* _Work to be completed_: What you return must be the data below, word for word, without any images.

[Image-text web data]
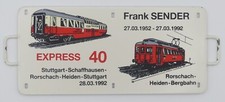 Zuglaufschild waggonschild - waggonschild,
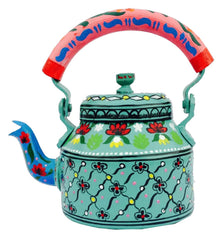 Hand Painted Designer Aluminium Kettle for Tea/Coffee, Home D?cor& Gift Purpose.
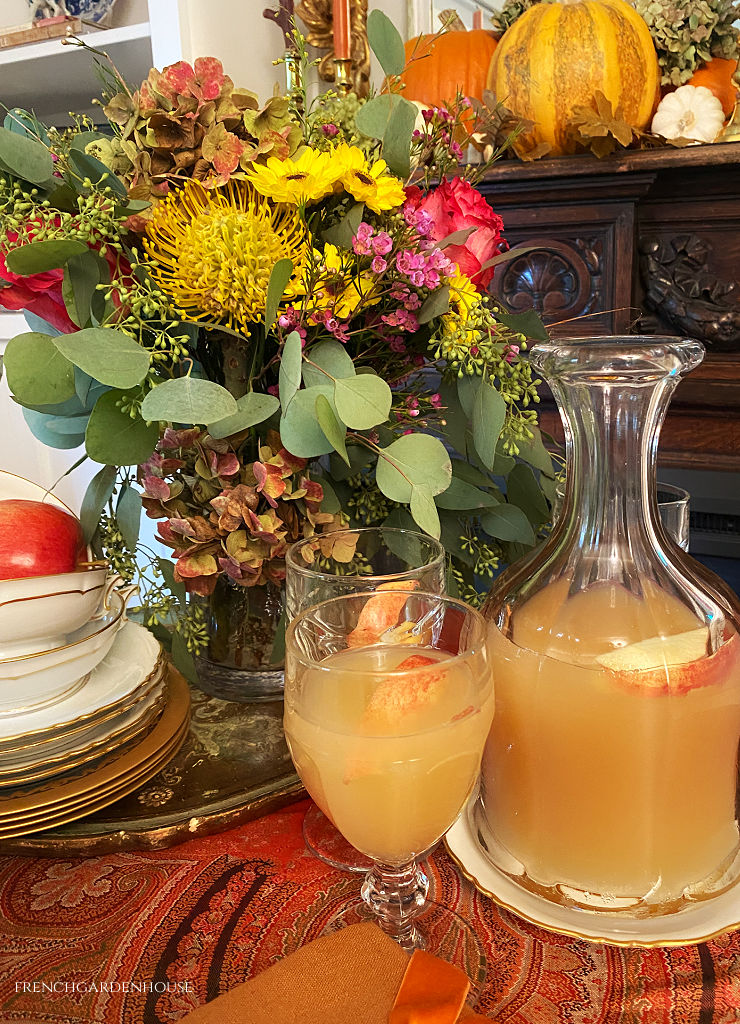 French Country table setting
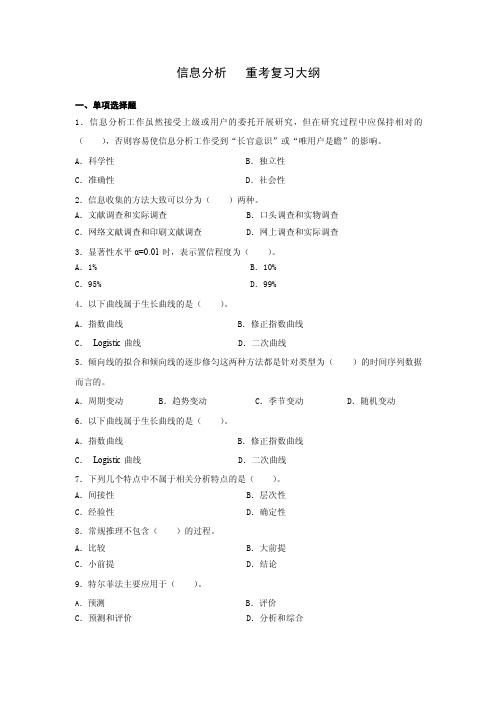 信息分析——精选推荐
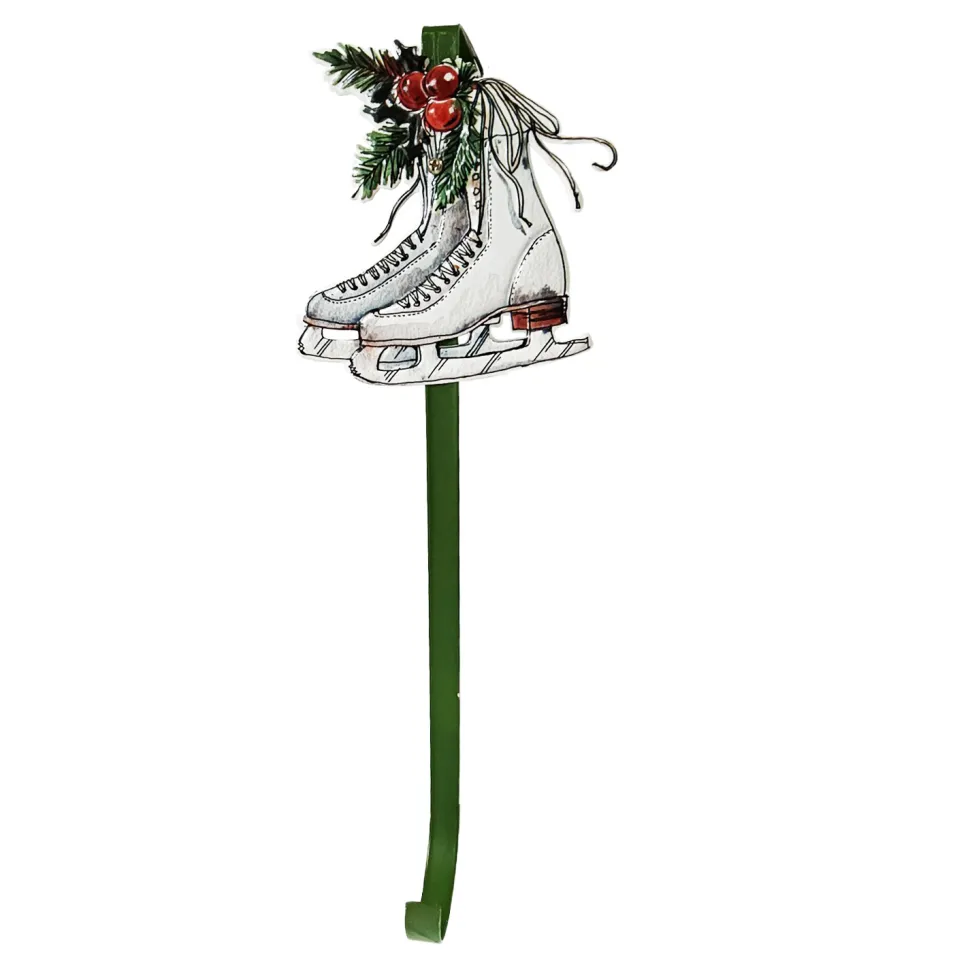 WREATH HANGER 15.5″ METAL W/ ICE SKATES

* _Task response_:
 Zuglaufschild waggonschild - waggonschild,
 Hand Painted Designer Aluminium Kettle for Tea/Coffee, Home D?cor& Gift Purpose.
 French Country table setting
 信息分析——精选推荐
 WREATH HANGER 15.5″ METAL W/ ICE SKATES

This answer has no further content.